Frequently Asked Questions

Accounts

How do I obtain a HiPerGator account?

Fill out the Account Request form. Requests submitted by non-faculty members must be confirmed by faculty sponsors prior to account creation. Accounts are generally created within twenty-four hours of receiving a request, but may take longer if the faculty sponsor does not reply promptly to a verification request.

⇒ Direct link to this FAQ

How do I change or recover my HiPerGator password?

Research Computer does not manage user credentials. GatorLink credentials are used throughout the system. Visit the GatorLink Account Management page for all your account needs or contact UFIT HelpDesk.

⇒ Direct link to this FAQ

How do I get help with my HiPerGator account?

If you encounter problems or have questions, please open a support ticket. Support tickets provide a traceable, permanent record of your issue and are systematically reviewed on a daily basis to ensure they are addressed as quickly as possible. You may also contact us by email or visit our offices in person.

⇒ Direct link to this FAQ

What happens to my HiPerGator account when I leave UF?

The answer to this question depends mostly on how your affiliation with UF will change when you leave the university. If the new affiliation with UF does not allow for you to have an active GatorLink account, you will no longer be able to access HiPerGator.

If you will need to maintain access to your HiPerGator account after leaving UF, contact your group sponsor and request to be affiliated within their department as a “Departmental Associate.” This will ensure your GatorLink account, and therefore HiPerGator account, remain active after your previous affiliations are removed.

Of course, general UFRC Account Policies are still in effect; any HiPerGator accounts that remain inactive for more than 1 year are automatically deactivated.

⇒ Direct link to this FAQ

Cluster Details

What hardware is in HiPerGator?

HiPerGator consists of 51,000 compute cores and 3 petabytes of high-performance storage.

For detailed information on HiPerGator hardware components, view the the HiPerGator Hardware Specification Sheet.

⇒ Direct link to this FAQ

What are ResVault and ResShield?

ResVault and ResShield are systems for working with restricted data, each having its own set of use cases.

ResVault is a secure environment for research projects that use electronic Protected Health Information (ePHI), which are required to comply with the Health Insurance Portability and Accountability Act (HIPAA). ResVault can also be used for projects that require a “low” FISMA compliance rating, and for projects that require International Trade in Arms Regulation (ITAR) compliance.

ResShield is a secure environment for research projects that require a “moderate” Federal Information Systems Management Act (FISMA) compliance rating.
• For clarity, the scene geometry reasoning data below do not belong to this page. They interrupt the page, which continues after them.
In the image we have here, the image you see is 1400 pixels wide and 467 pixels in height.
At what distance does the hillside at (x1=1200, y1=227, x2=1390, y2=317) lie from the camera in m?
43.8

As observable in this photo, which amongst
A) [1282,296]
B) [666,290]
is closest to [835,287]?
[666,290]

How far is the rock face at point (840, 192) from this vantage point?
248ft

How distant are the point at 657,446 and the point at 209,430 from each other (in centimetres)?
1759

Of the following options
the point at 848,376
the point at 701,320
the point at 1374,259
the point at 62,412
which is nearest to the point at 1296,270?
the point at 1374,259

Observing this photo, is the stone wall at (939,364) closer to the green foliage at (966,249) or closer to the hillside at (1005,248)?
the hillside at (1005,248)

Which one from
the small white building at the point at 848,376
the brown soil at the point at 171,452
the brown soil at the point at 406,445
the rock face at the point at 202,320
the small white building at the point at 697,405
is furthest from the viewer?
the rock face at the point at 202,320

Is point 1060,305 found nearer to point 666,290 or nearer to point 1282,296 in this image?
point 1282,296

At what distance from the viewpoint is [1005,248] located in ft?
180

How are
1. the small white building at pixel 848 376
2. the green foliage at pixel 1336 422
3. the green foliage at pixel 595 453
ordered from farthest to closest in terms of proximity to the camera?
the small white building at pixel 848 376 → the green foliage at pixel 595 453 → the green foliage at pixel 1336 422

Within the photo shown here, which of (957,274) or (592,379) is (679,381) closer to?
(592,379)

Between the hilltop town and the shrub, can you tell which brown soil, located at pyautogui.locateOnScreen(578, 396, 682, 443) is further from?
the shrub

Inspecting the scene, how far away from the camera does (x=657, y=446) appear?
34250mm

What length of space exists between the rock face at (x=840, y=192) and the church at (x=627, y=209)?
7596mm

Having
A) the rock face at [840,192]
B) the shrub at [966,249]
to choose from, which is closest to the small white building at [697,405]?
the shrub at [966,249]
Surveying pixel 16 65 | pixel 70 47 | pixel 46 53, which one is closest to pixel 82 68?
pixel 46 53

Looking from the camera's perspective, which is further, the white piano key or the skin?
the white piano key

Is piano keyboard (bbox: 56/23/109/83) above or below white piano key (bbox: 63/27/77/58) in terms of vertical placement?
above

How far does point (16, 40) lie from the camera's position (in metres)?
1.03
Using ResShield requires a yearly, per-user fee for the licenses required to maintain system compliance.

⇒ Direct link to this FAQ

Storage

What types of storage are available and how should each type be used?
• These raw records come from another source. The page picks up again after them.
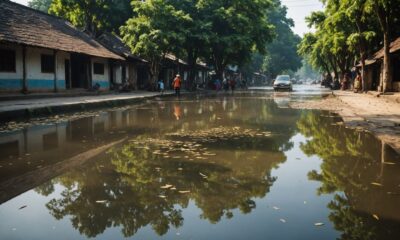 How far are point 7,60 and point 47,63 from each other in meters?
3.95

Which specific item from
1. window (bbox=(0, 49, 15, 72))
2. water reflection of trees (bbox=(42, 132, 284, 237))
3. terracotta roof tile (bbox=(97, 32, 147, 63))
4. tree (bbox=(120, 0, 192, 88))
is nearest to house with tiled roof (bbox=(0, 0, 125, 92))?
window (bbox=(0, 49, 15, 72))

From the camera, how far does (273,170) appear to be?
21.7 ft

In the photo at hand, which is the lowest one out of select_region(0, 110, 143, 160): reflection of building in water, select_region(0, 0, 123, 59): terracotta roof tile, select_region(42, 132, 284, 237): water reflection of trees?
select_region(42, 132, 284, 237): water reflection of trees

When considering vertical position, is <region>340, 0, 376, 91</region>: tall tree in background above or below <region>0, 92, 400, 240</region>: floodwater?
above

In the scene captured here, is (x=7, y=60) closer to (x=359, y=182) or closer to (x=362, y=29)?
(x=359, y=182)

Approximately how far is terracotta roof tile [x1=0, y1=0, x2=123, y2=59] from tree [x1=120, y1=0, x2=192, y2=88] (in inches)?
114

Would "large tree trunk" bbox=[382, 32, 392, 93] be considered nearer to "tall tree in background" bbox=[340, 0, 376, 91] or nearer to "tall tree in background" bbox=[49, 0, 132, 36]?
"tall tree in background" bbox=[340, 0, 376, 91]

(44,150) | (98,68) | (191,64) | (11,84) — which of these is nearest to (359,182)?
(44,150)

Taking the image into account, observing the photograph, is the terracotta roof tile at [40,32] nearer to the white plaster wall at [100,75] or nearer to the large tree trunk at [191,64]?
the white plaster wall at [100,75]

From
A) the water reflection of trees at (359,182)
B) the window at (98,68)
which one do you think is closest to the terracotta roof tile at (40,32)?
the window at (98,68)

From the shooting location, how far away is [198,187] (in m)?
5.53

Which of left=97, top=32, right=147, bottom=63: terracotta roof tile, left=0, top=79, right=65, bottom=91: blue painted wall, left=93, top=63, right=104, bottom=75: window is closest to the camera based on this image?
left=0, top=79, right=65, bottom=91: blue painted wall

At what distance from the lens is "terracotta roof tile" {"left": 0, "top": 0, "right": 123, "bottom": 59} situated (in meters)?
21.6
Please see our Storage “Getting Started” page.

⇒ Direct link to this FAQ

Can my storage quota be increased?

You can request a temporary quota increase. Submit a support request and indicate: (1) how much additional space you need; (2) the file system on which you need it; and (3) how long you will need it. Additional space is granted at the discretion of Research Computing on an “as available” basis for short periods of time. If you need more space on a long-term basis, please review our storage options and contact us to discuss an appropriate solution for your needs.

⇒ Direct link to this FAQ

How can I check my /ufrc storage quota and current usage?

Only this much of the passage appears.